Vulnerability: a weakness in the computational logic (for example, code) found in software and hardware components that when exploited, results in a negative impact to the confidentiality, integrity, or availability, and the term Vulnerabilities shall be interpreted accordingly.
Website: the website of MY Compliance Management to be found at https://my-compliance.co.uk/ or any other website notified to the Customer by My Compliance Management from time to time,
1.2 Condition headings shall not affect the interpretation of these terms and condition
1.3 A person includes an individual, corporate or unincorporated body (whether or not having separate legal personality).
1.4 A reference to a company shall include any company, corporation or other body corporate, wherever and however incorporated or established.
1.5 Unless the context otherwise requires, words in the singular shall include the plural and in the plural shall include the singular.
1.6 Unless the context otherwise requires, a reference to one gender shall include a reference to the other genders.
1.7 A reference to a statute or statutory provision is a reference to it as it is in force as at the date of these terms and conditions.
1.8 A reference to a statute or statutory provision shall include all subordinate legislation made as at the date of these terms and conditions under that statute or statutory provision.
1.9 A reference to writing or written excludes fax but not email.
1.10 References to conditions and schedules are to the conditions and schedules of these terms and conditions; references to paragraphs are to paragraphs of the relevant schedule to these terms and conditions.
2. User subscriptions
2.1 Subject to the Customer purchasing the User Subscriptions in accordance with condition 3.3 and condition 9.1, the restrictions set out in this condition 2 and the other terms and conditions, My Compliance Management hereby grants to the Customer a non-exclusive, non-transferable right and licence, without the right to grant sublicences, to use the Service and permit the Authorised Users to use the Service and the Documentation during the Subscription Term solely for the Customer's internal business operations.

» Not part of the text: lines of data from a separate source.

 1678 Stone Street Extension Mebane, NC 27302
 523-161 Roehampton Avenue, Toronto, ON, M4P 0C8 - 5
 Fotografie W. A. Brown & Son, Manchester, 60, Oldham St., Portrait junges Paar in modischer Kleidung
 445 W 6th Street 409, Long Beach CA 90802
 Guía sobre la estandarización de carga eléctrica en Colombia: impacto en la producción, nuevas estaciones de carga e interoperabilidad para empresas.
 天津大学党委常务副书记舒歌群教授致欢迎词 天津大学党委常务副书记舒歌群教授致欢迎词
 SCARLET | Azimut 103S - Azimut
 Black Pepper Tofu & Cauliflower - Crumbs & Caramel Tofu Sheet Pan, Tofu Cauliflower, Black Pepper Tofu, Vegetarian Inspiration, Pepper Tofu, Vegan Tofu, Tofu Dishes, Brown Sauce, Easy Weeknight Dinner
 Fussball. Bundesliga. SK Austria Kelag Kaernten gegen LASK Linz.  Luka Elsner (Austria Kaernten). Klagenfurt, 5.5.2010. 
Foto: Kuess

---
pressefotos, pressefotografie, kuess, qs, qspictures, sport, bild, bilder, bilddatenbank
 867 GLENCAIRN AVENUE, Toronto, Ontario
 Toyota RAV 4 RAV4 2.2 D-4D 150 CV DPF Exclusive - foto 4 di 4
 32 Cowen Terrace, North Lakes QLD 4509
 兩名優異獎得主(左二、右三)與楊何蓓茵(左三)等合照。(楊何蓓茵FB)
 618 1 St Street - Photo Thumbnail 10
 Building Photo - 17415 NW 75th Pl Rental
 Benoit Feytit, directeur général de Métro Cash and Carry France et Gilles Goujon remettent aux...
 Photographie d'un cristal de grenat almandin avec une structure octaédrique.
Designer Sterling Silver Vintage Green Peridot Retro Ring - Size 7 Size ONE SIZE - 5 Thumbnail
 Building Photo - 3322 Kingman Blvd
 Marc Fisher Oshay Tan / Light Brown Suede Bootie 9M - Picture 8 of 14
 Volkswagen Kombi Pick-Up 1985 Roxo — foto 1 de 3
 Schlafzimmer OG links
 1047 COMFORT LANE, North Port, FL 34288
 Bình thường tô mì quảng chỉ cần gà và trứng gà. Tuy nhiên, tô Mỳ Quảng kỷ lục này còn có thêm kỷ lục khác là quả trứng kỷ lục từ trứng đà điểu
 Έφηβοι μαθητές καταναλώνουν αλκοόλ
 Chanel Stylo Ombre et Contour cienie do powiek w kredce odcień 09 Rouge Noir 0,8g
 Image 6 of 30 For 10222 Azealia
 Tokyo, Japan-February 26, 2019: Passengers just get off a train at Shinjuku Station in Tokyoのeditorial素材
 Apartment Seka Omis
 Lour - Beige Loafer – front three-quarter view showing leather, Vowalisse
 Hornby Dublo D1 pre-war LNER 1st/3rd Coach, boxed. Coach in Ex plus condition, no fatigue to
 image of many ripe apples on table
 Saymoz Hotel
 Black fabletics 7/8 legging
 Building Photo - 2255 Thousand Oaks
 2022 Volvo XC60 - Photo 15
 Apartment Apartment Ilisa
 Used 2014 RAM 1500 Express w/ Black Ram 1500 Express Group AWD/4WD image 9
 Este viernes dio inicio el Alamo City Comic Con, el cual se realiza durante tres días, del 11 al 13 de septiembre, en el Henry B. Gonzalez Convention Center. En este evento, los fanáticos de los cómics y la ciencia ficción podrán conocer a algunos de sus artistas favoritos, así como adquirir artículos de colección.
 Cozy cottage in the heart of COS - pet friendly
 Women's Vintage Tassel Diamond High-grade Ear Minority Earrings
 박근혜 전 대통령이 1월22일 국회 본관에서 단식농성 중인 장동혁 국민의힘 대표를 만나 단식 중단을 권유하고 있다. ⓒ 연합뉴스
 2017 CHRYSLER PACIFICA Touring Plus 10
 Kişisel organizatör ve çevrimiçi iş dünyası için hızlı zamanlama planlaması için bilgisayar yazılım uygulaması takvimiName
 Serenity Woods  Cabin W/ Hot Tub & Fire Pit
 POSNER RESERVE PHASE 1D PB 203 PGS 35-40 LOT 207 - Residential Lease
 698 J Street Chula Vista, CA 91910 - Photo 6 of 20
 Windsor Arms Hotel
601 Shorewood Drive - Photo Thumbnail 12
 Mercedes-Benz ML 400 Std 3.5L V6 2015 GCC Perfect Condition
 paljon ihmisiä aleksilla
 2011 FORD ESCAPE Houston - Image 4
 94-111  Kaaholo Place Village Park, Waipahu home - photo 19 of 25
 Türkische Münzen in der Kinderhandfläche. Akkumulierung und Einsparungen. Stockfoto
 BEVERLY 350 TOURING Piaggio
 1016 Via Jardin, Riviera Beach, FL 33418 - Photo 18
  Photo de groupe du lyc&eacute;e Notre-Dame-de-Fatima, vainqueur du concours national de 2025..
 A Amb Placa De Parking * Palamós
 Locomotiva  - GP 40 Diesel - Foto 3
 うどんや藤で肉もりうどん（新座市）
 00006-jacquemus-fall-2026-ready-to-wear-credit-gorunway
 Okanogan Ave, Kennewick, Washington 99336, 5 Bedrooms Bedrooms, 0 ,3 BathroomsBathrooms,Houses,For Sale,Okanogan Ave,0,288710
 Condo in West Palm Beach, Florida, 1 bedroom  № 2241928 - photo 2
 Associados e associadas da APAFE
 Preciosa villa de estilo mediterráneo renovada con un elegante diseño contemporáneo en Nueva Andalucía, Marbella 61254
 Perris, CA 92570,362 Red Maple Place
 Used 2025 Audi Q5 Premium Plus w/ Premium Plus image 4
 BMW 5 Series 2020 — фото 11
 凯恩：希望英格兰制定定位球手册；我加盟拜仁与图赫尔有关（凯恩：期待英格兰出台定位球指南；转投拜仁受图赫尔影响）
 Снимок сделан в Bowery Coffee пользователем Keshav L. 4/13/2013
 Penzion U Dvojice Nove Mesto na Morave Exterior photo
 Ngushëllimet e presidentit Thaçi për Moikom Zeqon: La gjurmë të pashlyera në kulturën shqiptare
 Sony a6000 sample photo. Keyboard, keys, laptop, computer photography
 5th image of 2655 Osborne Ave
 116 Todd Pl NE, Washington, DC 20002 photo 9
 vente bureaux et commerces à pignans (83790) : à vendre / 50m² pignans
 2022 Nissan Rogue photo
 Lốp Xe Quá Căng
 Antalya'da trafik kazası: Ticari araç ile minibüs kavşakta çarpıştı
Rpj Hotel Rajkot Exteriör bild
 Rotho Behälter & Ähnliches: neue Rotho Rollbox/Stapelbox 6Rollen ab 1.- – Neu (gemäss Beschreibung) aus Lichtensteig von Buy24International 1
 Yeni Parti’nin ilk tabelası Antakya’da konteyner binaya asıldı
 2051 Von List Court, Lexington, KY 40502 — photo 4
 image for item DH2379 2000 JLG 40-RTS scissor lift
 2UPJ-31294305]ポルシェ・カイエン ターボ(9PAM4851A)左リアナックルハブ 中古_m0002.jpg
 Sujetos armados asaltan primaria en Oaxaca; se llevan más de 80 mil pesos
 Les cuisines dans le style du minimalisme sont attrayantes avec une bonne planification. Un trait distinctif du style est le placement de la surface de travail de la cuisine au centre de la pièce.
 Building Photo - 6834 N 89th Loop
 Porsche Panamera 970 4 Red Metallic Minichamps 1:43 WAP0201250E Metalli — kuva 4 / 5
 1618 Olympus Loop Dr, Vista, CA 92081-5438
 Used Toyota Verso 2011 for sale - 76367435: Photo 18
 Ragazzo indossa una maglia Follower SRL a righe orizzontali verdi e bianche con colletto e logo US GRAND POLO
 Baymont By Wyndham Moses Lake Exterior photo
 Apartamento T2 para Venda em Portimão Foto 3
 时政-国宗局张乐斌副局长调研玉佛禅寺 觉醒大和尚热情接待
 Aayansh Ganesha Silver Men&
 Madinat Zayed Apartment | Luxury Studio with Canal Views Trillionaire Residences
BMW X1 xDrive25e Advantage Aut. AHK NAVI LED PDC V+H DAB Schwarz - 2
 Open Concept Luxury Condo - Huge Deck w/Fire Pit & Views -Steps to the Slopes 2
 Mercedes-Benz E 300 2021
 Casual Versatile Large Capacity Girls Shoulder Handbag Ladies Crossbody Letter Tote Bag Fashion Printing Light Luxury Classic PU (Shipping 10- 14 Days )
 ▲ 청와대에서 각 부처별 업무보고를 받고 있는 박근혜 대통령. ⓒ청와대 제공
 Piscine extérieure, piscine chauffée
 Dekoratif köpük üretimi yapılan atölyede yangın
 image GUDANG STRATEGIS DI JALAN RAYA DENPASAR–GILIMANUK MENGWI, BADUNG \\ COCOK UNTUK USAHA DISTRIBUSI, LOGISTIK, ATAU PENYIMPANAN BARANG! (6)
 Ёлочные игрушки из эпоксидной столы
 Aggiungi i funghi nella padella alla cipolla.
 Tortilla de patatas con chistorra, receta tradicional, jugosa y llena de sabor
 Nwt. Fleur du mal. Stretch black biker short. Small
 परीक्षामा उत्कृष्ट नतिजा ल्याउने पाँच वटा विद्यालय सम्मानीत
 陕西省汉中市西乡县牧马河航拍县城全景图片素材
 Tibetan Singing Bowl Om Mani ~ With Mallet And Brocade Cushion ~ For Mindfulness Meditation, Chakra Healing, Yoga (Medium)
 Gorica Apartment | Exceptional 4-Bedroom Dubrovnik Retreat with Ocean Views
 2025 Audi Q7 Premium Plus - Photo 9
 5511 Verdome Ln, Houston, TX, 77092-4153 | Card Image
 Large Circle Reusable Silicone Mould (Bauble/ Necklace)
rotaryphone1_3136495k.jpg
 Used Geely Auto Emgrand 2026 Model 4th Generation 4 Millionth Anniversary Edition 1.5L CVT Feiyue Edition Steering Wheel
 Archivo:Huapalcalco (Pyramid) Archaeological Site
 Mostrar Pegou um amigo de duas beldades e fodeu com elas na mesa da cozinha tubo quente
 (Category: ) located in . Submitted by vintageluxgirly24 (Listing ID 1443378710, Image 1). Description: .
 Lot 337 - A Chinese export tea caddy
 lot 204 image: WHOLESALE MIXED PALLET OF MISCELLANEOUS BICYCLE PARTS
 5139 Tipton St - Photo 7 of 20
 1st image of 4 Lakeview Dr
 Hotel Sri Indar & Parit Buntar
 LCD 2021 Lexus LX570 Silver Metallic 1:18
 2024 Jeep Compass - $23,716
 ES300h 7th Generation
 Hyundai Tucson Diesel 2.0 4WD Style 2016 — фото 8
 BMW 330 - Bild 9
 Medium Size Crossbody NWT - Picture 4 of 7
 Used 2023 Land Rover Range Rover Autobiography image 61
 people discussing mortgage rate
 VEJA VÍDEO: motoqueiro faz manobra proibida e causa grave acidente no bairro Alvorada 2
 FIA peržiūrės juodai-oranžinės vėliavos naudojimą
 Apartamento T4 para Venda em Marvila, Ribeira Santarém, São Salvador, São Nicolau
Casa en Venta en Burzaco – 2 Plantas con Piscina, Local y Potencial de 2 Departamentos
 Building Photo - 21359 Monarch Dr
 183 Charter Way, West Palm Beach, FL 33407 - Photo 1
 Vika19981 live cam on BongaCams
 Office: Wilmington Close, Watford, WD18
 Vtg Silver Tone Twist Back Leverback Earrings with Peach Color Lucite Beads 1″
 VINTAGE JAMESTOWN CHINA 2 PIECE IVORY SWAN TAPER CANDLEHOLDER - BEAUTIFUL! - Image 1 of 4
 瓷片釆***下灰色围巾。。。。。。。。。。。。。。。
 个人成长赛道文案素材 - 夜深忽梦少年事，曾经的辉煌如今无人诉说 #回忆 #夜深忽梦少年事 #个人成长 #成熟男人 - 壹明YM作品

2.2In relation to the Authorised Users, the Customer undertakes to My Compliance Management that:
- the maximum number of Authorised Users that it authorises to access and use the Service and the Documentation shall not exceed the number of User Subscriptions it has purchased from time to time;
- it will not allow or suffer any User Subscription to be used by more than one individual Authorised User unless it has been reassigned in its entirety to another individual Authorised User, in which case the prior Authorised User shall no longer have any right to access or use the Service and/or Documentation;
- each Authorised User shall keep a secure password for their use of the Service and Documentation and that each Authorised User shall keep their password confidential;
- it shall maintain a written, up to date list of current Authorised Users and provide such list to My Compliance Management within 5 Business Days of My Compliance Management's written request at any time or times;
- it shall permit My Compliance Management or My Compliance Management's designated auditor to audit the Service in order to establish the name and password of each Authorised User and the Customer's data processing facilities to audit compliance with these terms and conditions. Each such audit may be conducted no more than once per quarter, at My Compliance Management's expense, and this right shall be exercised with reasonable prior notice, in such a manner as not to substantially interfere with the Customer's normal conduct of business;
- if any of the audits referred to in condition 2.2(e) reveal that any password has been provided to any individual who is not an Authorised User, then without prejudice to My Compliance Management's other rights, My Compliance Management shall promptly disable such passwords and My Compliance Management shall not issue any new passwords to any such individual; and
- if any of the audits referred to in condition 2.2(e) reveal that the Customer has underpaid Subscription Fees to My Compliance Management, then without prejudice to My Compliance Management's other rights, the Customer shall pay to My Compliance Management an amount equal to such underpayment as calculated in accordance with the prices set out in paragraph 1 of Schedule 1 within 10 Business Days of the date of the relevant audit.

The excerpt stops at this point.